- **About this exercise**:
Transcribe the whole listing below without changing a word, but leave out every image.

- **Provided material**:
*** Block opens ***

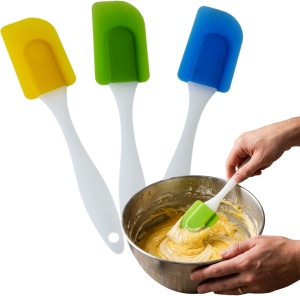 kuchenna łopatka szpatułka silikonowa 22cm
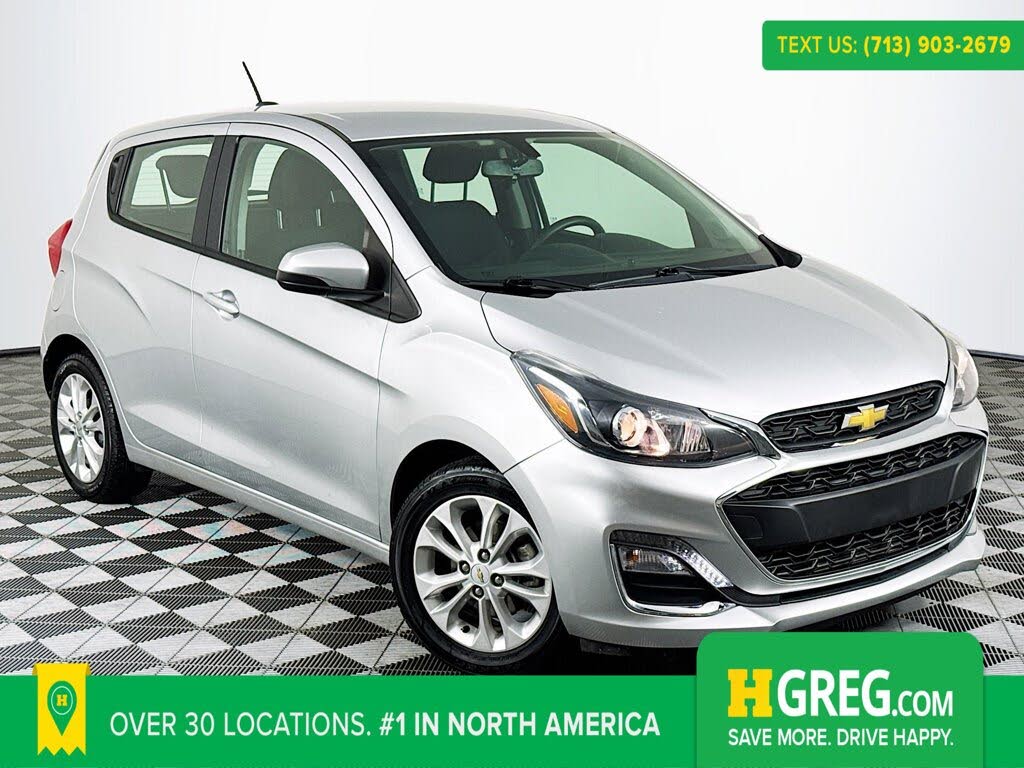 2020 Chevrolet Spark 1LT FWD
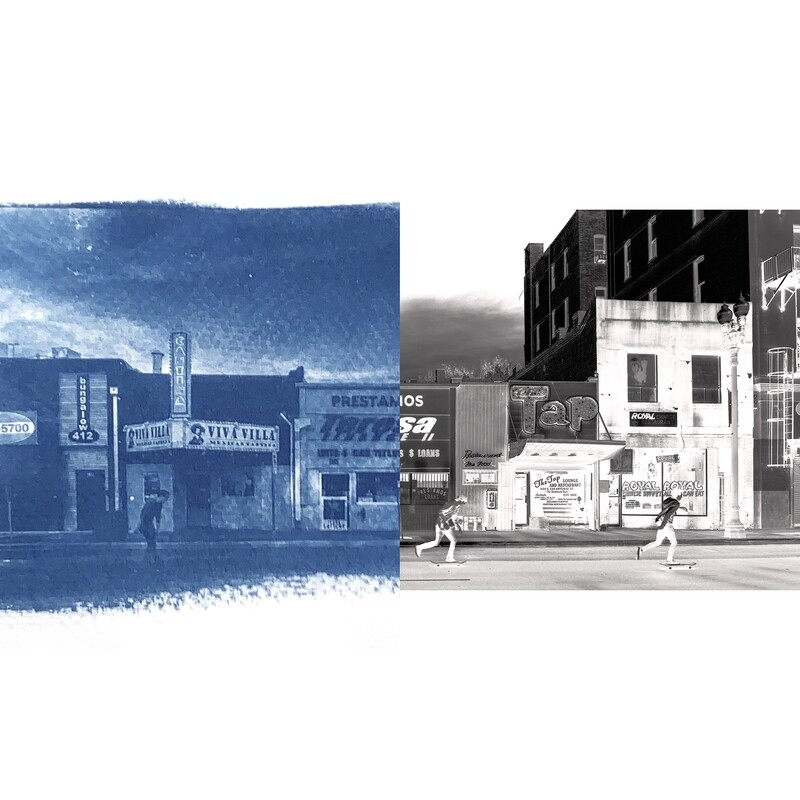 Your Cyanotype Print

*** Block closes ***

- **Exercise output**:
 kuchenna łopatka szpatułka silikonowa 22cm
 2020 Chevrolet Spark 1LT FWD
 Your Cyanotype Print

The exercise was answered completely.